** What you should do **
All of the data is to be repeated verbatim.

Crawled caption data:
____________________

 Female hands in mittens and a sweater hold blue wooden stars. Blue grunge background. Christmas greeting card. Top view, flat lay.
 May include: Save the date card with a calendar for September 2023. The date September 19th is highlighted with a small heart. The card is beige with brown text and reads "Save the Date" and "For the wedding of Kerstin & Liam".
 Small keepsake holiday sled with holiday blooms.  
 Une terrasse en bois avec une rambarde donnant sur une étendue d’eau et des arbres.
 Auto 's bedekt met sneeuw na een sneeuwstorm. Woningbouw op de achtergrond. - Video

____________________

** Answer section **
 Female hands in mittens and a sweater hold blue wooden stars. Blue grunge background. Christmas greeting card. Top view, flat lay.
 May include: Save the date card with a calendar for September 2023. The date September 19th is highlighted with a small heart. The card is beige with brown text and reads "Save the Date" and "For the wedding of Kerstin & Liam".
 Small keepsake holiday sled with holiday blooms.  
 Une terrasse en bois avec une rambarde donnant sur une étendue d’eau et des arbres.
 Auto 's bedekt met sneeuw na een sneeuwstorm. Woningbouw op de achtergrond. - Video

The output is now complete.